Myll, 17. August 2012

1207. Demonstration für Pussy Riot vor der russisch-orthodoxen Kirche am Holstentor. Etwa 100 Menschen sind anwesend, einige davon mit bunten Masken. „Free Pussy Riot“ rufen und den geballte Faust zeigen, wie es die Sängerin der Punkband tat, auf den Fotos, die um die Welt gingen. Dann ein Gruppenfoto für’s Internet, als Beweis, dass die Demonstration stattgefunden hat. Ein Mann singt ein Lied auf Russisch (naturgemäß muss ich dabei ans letztjährige Abgrillen denken), dann die Urteilsverkündung: Schuldig.

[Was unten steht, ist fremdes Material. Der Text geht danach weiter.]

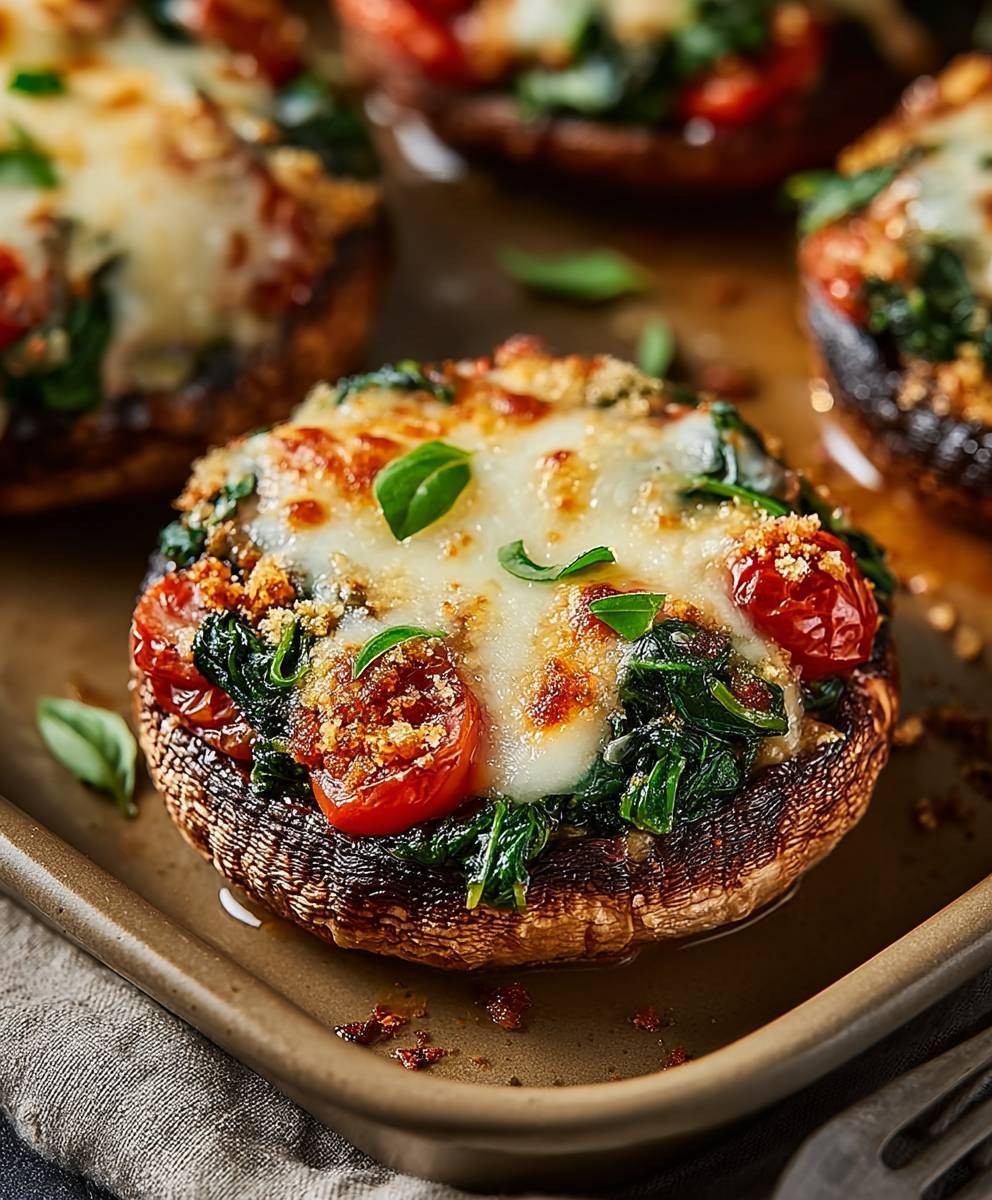 Stuffed Portobello Mushrooms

1957. Sommerfest der Jungen Union Hamburg. Bernd, der irgendwas mit Politik macht, schleppt mich in die gediegene Villa mit Garten am Fleet. Die Anwesenden sind bereits in jungen Jahren vollständig verspießt, man trägt Einstecktücher. Zwanzigjährige verpickelte Pfeifenraucher fürchten unter SPD-Steinbrück die Wiedereinführung des Sozialismus, während die Damen hübsche Kleider tragen und glücklicherweise wenig sprechen. Soundtrack in meinem inneren Ohr: Rocko Schamoni – C.D.U. („Du wählst CDU. Und darum ist jetzt Schluss …“) In der Villa überall Fotos von Konrad Adenauer, Helmut Kohl und Angela Merkel, ich bleibe im Garten. Das Bier kostet einen Euro. Das ist nicht zu viel, um die Situation erträglicher zu machen. “

Habt Ihr schon unseren Vorsitzenden begrüßt?“ „Nein? Dann schnell hin zu unserem Junge-Union-Bundesvorsitzenden Philipp Mißfelder.“ Freue mich auch Jahre später noch über den Kurbjuweit-Artikel im Spiegel, der wohl eine der großen Politikervernichtungen der Nachkriegsgeschichte war. So etwas bleibt hängen. Mißfelder will sich nicht zusammen mit mir fotografieren lassen. Er hält mich wahlweise für einen Piraten (was ich nicht bin) oder für einen Mitarbeiter des Satire-Magazins Titanic (was ich leider nicht bin). Ein Foto in der Titanic hätte Mißfelders Beliebtheit in ungekannte Höhen katapultiert. Aber man kann niemanden zu seinem Glück zwingen. Flöte beim Verlassen der Party laut die Internationale.

5 Antworten auf „Myll, 17. August 2012“

Missfelder will sich nicht zusammen mit mir fotografieren lassen. Ein Gefühl des Unbehagens sich mit ihm fotografieren zu lassen würde man 85 werden. Unvergessen sein Argument. Nein, daran möchte man nicht später erinnert werden. Da könnte man im Krankheitsfall zu sich selber sagen: Totenschein in der Tasche, aber auf Kosten von Solidargemeinschaft künstliche Hüftgelenke beanspruchen wollen. Ist das Christlich?